Although I won't take the time to share most of Saer's "evidence," I'll let him describe the gist of the argument at his leisure (34):
Ese cuento ha servido a muchos estudiosos para deducir de él la quintaesencia de la poética borgiana, su manifiesto sobre la figura del creador y de su concepción de la literatura. En rigor de verdad, la idea que Borges tiene de la literatura es exactamente opuesta a la de Pierre Menard: su cuento es una satira de "las normas parisinas en materias de sentimiento" y el personaje principal una caricatura, o una reducción al absurdo, de Paul Valéry. Comparar a Borges con su criatura sería, más que una equivocación crítica, una verdadera ofensa: para Borges, Pierre Menard es, en el major de los casos, un frívolo, y, en el peor, un plagio y un charlatan. "Pierre Menard..." es uno de los hechos más curiosos de la literatura contempóranea: un texto al que la crítica, que sin embargo rara vez deja de percibir su intención satirica, se obstina en interpretar al revés de lo que el autor se ha propuesto.

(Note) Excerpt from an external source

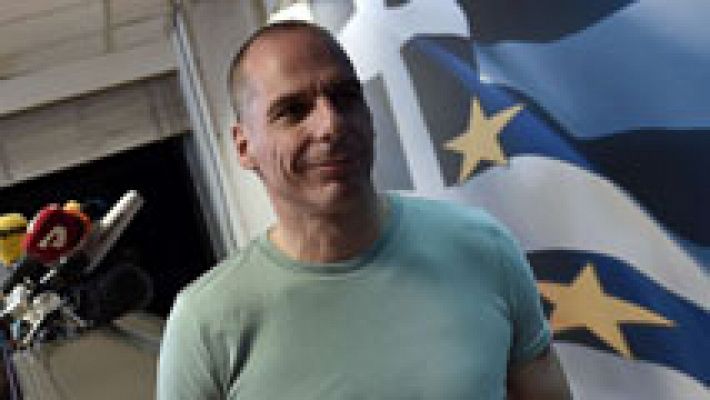 Telediario 1 - Varufakis dice que con el "no" Atenas "tiende la mano" a los socios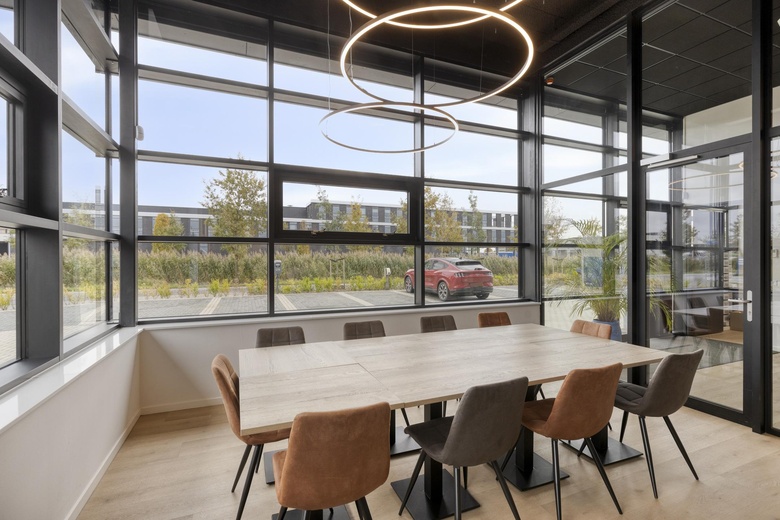 BedrijfsruimteaanRijnerf 17<br/> inNijkerk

[That short story has obliged many scholars to deduce the quintessence of Borgesian poetics from it--his manifesto on the creator figure and on his conception of literature. Strictly speaking the truth, the idea that Borges has about literature is the exact opposite of what Pierre Menard has: his tale is a satire of "the Parisian norms in sentimental matters" and the main character a caricature, or a reductio ad absurdum, of Paul Válery. Comparing Borges with his creation would be, more than just an error in criticism, a true offense: for Borges, Pierre Menard is, in the best of cases, a frivolous person, and, in the worst, a plagiarist and a charlatan. "Pierre Menard..." is one of the most curious matters in contemporary literature: a text in which the critics, who rarely stop perceiving its satiric intentions, are however obstinate in interpreting it in the reverse way in which the author has proposed.]
Whatever you make of Saer's argument here (I realize that it's difficult to assess through an intermediary, and I've intentionally left out a lot of other good stuff and/or contradictory evidence due to sheer lack of time), one of the most compelling ideas that I
took away from it is Saer's contention that "Pierre Menard, Author of the Quixote" is "un arreglo de cuentas con la literatura francesa --o con la idea que Borges se hacía en los años treinta de la literatura francesa" ["a settling of accounts with French literature--or with the idea of French literature that Borges had in the 1930s"] (36). Saer mentions symbolism and Paul Valéry as Borges' particular targets before concluding that, "excepción hecha de Flaubert, de algunos versos de Verlaine y del inenarrable Leon Bloy, Borges consideraba la literatura francesa como artificial y frívola" ["with the exception of Flaubert, of some of Verlaine's verses, and of the inexpressible León Bloy, Borges considered French literature as artificial and frivolous"] (36). The irony of all this? According to Saer, it's the fact that Borges' work well post-"Pierre Menard" "comienza a ser apreciada en Francia en pleno auge del formalismo estructuralista y postestructuralista, que ha puesto de relieve, preferentemente, una version intelectualista de sus escritos" ["began to be appreciated in France at the peak of structuralism and post-structuralism, which has put in relief, preferentially, an intellectualized version of his writings"] (37). Saer, for his part, was a nouveau roman
fan who liked Borges' book regardless of its "dislates" ["nonsense"], "manías" ["manias"] and "extraños caprichos reunidos" ["collection of strange whims"]--saying that, as strange as it may seem, Textos cautivos
deserves to be ranked among Borges' best on account of its "sensatez teórica" ["theoretical sensibleness"], its "gracia verbal" ["verbal charm/gracefulness"] and its "humor constante" ["constant humor"] (32). Sounds like a good recommendation to me--and maybe it's about time to reread "Pierre Menard, autor del Quijote" while I'm at it. That story, whatever its true meaning, never grows old, you know?
"Borges francófobo" appears on pages 30-37 of Juan José Saer's 1997 El concepto de ficción (Buenos Aires: Seix Barral, 2012), my copy of which came in a whopping 3rd edition print run of--get this--only 500 copies.